** YOUR TASK **
Your reply should hold the line containing "this 800×582 image." and every later line of the records, reproduced exactly, and no other lines.

** MATERIAL FOR THIS TASK **
□ □ □ □ □

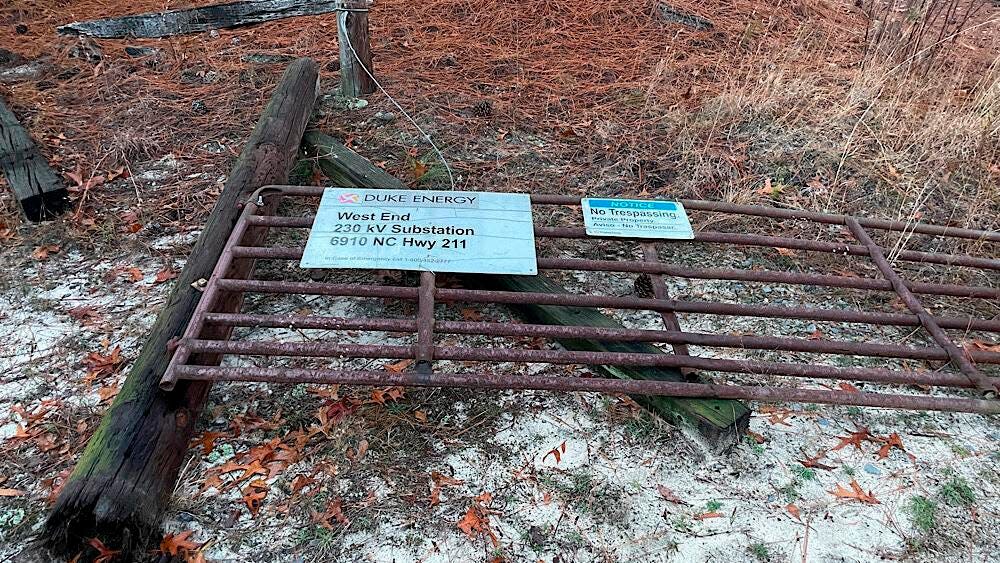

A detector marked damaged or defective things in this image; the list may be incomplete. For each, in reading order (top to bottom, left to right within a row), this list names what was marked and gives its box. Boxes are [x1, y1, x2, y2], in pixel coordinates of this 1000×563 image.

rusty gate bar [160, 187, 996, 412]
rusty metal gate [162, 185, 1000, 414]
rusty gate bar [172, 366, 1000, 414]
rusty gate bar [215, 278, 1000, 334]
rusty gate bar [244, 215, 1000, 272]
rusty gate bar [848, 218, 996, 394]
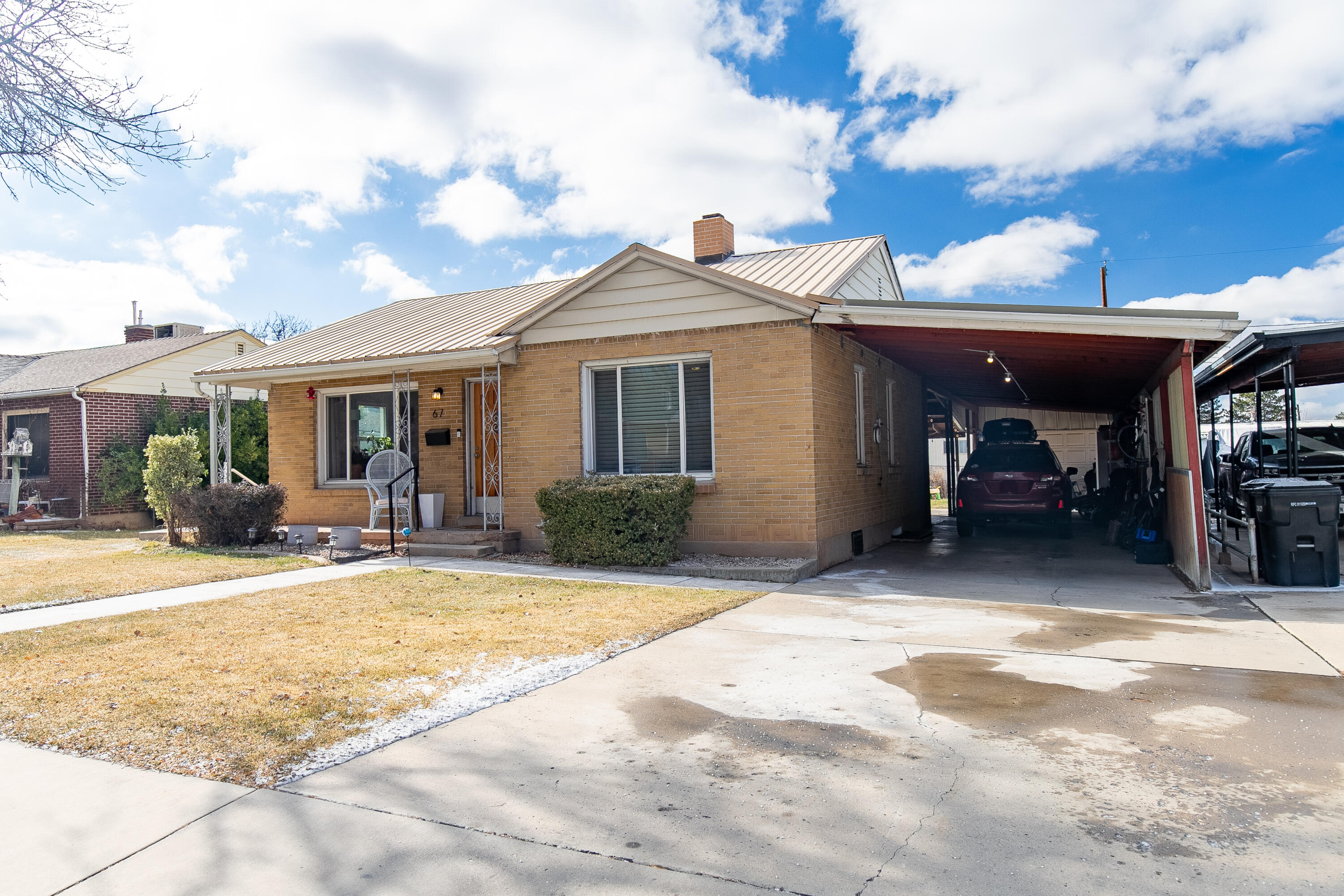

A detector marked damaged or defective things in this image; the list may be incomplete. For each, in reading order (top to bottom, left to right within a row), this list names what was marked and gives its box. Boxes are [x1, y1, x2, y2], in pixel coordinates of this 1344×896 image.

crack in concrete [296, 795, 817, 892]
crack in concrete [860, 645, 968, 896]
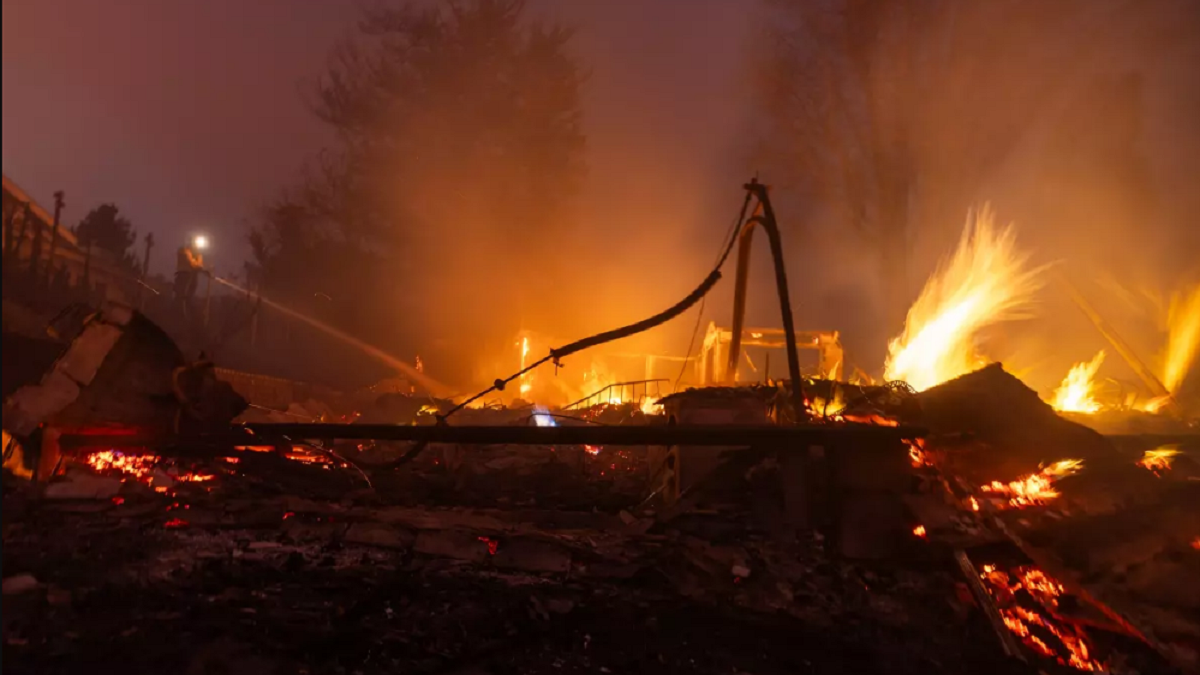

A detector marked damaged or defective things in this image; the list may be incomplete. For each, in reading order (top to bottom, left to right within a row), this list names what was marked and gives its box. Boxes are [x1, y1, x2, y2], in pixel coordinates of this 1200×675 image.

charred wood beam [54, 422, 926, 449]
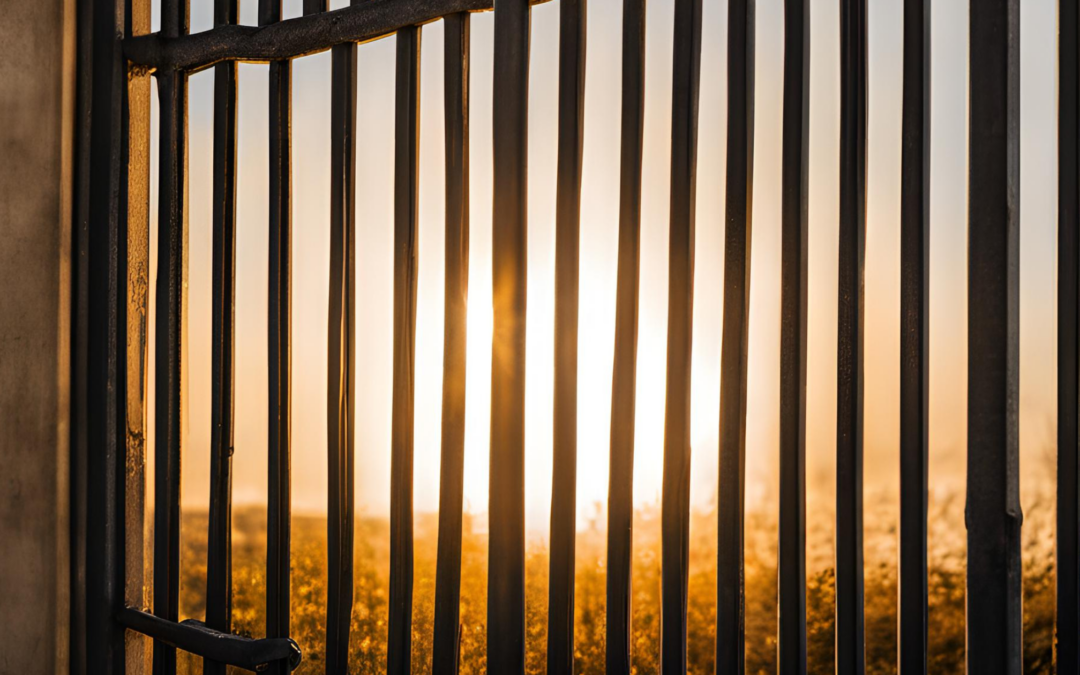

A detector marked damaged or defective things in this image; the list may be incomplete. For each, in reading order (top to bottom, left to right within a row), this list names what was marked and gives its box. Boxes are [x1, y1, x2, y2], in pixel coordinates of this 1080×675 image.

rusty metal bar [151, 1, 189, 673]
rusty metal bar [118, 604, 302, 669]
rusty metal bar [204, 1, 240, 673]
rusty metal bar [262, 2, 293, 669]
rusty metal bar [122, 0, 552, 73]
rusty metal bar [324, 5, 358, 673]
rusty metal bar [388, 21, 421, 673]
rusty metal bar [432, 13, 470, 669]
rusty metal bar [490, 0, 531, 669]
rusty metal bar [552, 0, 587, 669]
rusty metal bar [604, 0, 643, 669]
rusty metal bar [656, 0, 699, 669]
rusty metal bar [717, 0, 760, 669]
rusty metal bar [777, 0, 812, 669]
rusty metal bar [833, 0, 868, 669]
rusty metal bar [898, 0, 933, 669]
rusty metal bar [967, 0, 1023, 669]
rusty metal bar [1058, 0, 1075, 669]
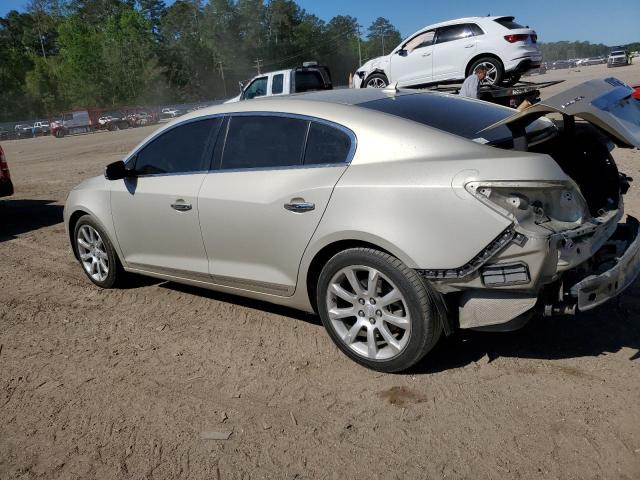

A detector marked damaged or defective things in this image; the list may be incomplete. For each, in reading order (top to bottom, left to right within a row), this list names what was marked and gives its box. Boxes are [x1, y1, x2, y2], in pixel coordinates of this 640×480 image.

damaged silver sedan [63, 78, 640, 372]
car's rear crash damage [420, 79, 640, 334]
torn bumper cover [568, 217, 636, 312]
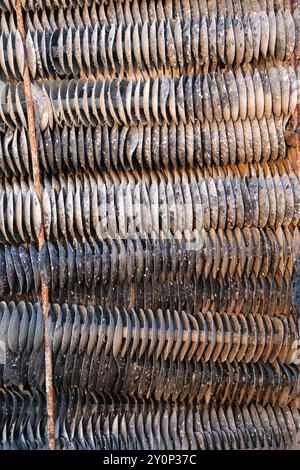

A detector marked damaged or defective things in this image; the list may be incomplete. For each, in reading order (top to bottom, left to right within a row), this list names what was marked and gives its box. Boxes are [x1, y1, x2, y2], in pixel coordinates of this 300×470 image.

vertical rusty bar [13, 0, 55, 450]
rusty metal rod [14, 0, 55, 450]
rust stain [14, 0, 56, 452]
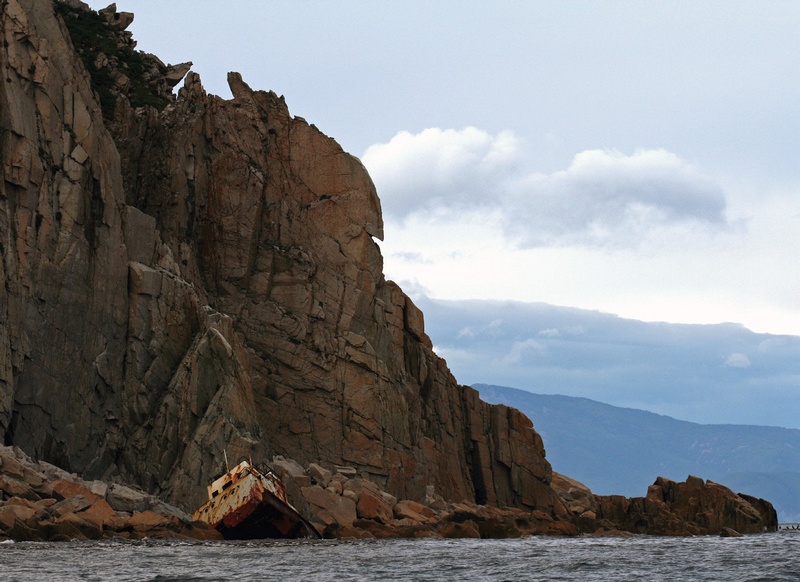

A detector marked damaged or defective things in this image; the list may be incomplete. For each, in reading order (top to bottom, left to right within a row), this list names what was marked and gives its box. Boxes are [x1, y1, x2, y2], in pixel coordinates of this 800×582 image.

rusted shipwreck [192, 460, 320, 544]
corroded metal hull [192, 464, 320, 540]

□ □ □ □ □

** WRITTEN REPLY **
A detector marked damaged or defective things in this image; the list may be incomplete. For each, in reading order (top to bottom, left to right within a row), this list names what was marked and gives its box. Boxes are [x1, y1, x2, y2], in pixel coordinates of this 800×582 image.

rusted shipwreck [192, 460, 320, 544]
corroded metal hull [192, 464, 320, 540]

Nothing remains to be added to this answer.